Homilías Dominicales

HOMILÍA DEL ARZOBISPO METROPOLITANO EN EL III DOMINGO DEL TIEMPO ORDINARIO 2023

“La Conversión es abrir de par en par las puertas a Cristo”

 Domingo de la Palabra de Dios

El Señor Jesús usó constantemente la imagen de la luz para definir su identidad: “Yo soy la luz del mundo” (Jn 8, 12). Y ciertamente lo es, porque Cristo es la Verdad. En Él conocemos plenamente el misterio de Dios y el misterio de la persona humana, es decir, de quiénes somos. Como bellamente afirmaba San Juan Pablo II: “Jesús es el rostro humano de Dios y el rostro divino del hombre”.[1]

Pero Jesús no sólo viene a iluminar a Israel, sino también a todas las naciones de la tierra, por eso vemos en el Evangelio de hoy (ver Mt 4, 12-23) que, durante su viaje de Nazaret a Cafarnaúm, el Señor se interna en tierra de gentiles o paganos, en los territorios de las tribus de Zabulón y Neftalí: “¡Tierra de Zabulón, tierra de Neftalí, camino del mar, allende el Jordán, Galilea de los gentiles! El pueblo que habitaba en tinieblas ha visto una gran luz; a los que habitaban en paraje de sombras de muerte una luz les ha amanecido” (Mt 4, 15-16). De esta manera, el Señor Jesús cumple la antigua profecía de Isaías (ver Is 8, 23).  

Donde la luz llega, las tinieblas huyen, las cosas adquieren forma y dimensión, y la vida cobra color y calor. Todo se ve como realmente es, sin distorsiones o deformaciones.

Por eso es importante dejarse iluminar por Jesús, para así poder vivir en la verdad de quién realmente soy, y del mundo en el que vivo. Preguntémonos: ¿Me dejo iluminar por Jesús? ¿O prefiero las tinieblas?, es decir, vivir en la mentira existencial, de espaldas a la verdad de quién soy y para qué he sido creado y salvado por Cristo.

El Evangelio de hoy también nos cuenta que Jesús comenzó su ministerio público haciendo un apremiante llamado: “¡Conviértanse! Porque el Reino de Dios ha llegado”. La conversión es el núcleo de la predicación de Jesús. ¿Pero en qué consiste? Literalmente “conversión” significa cambio de mente (ver Rom 12, 2), pero la conversión es un proceso que abarca todo nuestro ser. No sólo nuestra mente, sino desde allí, también nuestro corazón y nuestra acción.

Para que ello ocurra, es fundamental dejarse encontrar por el Señor, y en ese encuentro dejarse transformar por Él, porque Jesús es el “Hombre nuevo”. Nosotros podemos verdaderamente convertirnos en “nuevos” sólo si nos ponemos en las manos del Señor y nos dejamos modelar por Él. Ésta es la apasionante historia de los Apóstoles y de los Santos, historia que también puede ser la nuestra.

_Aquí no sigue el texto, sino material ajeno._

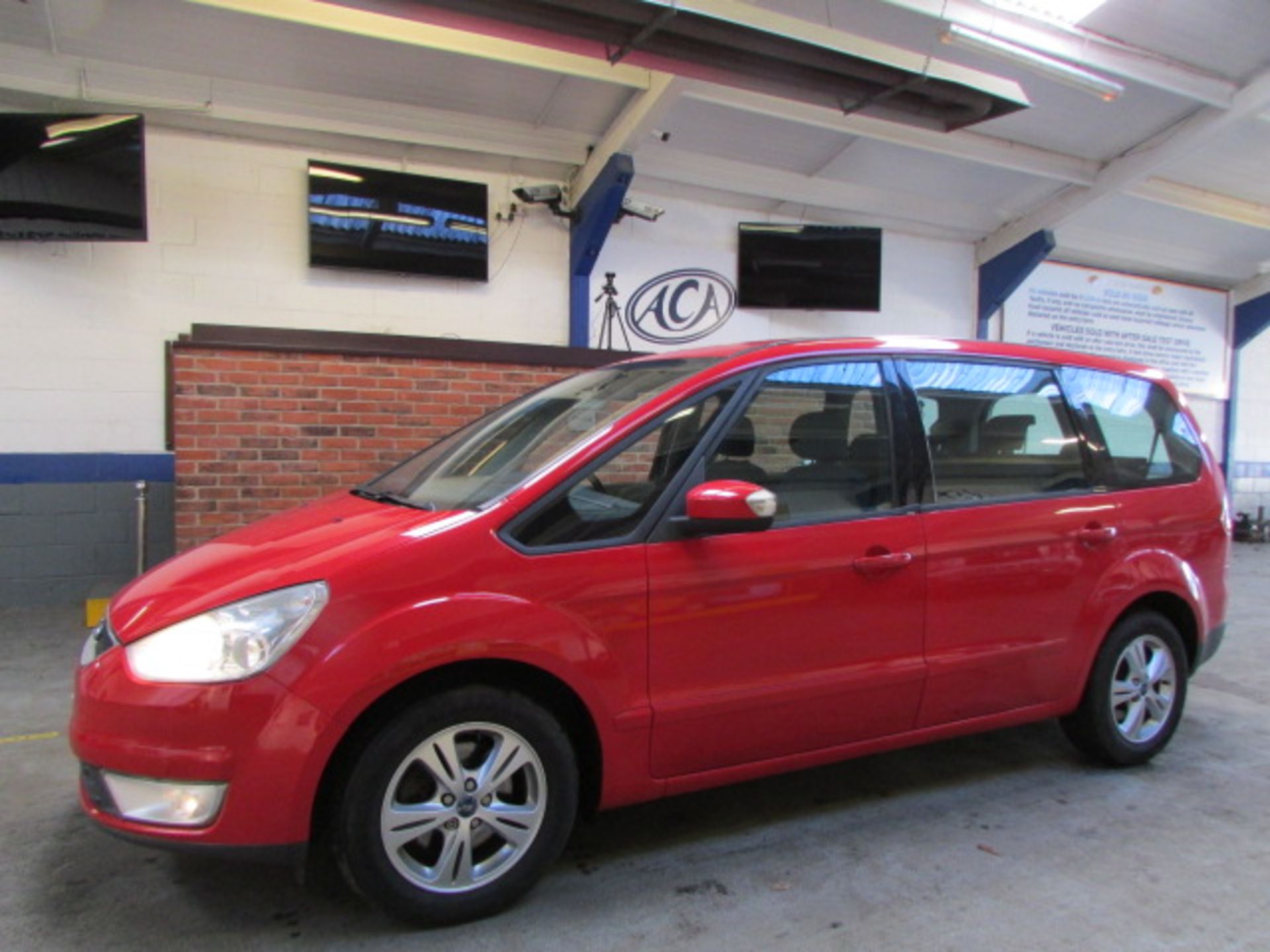 09 59 Ford Galaxy Zetec TDCI AUTO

La conversión, “no se limita al plano ético —como conversión de la inmoralidad a la moralidad—, ni al plano intelectual —como cambio del propio modo de comprender la realidad—; se trata, más bien, de una renovación radical del propio ser, similar, por muchos aspectos, a un volver a nacer. Una transformación semejante tiene su fundamento en la participación en el misterio de la muerte y resurrección de Jesucristo, y se delinea como un camino gradual de conformación a Él”.[2]

Sólo el encuentro auténtico con el Señor Jesús es capaz de provocar un cambio radical en nuestra vida, darle a nuestra existencia un viraje desde sus raíces. Porque, “no se comienza a ser cristiano por una decisión ética o una gran idea, sino por el encuentro con un acontecimiento, con una Persona, que da un nuevo horizonte a la vida y, con ello, una orientación decisiva”.[3]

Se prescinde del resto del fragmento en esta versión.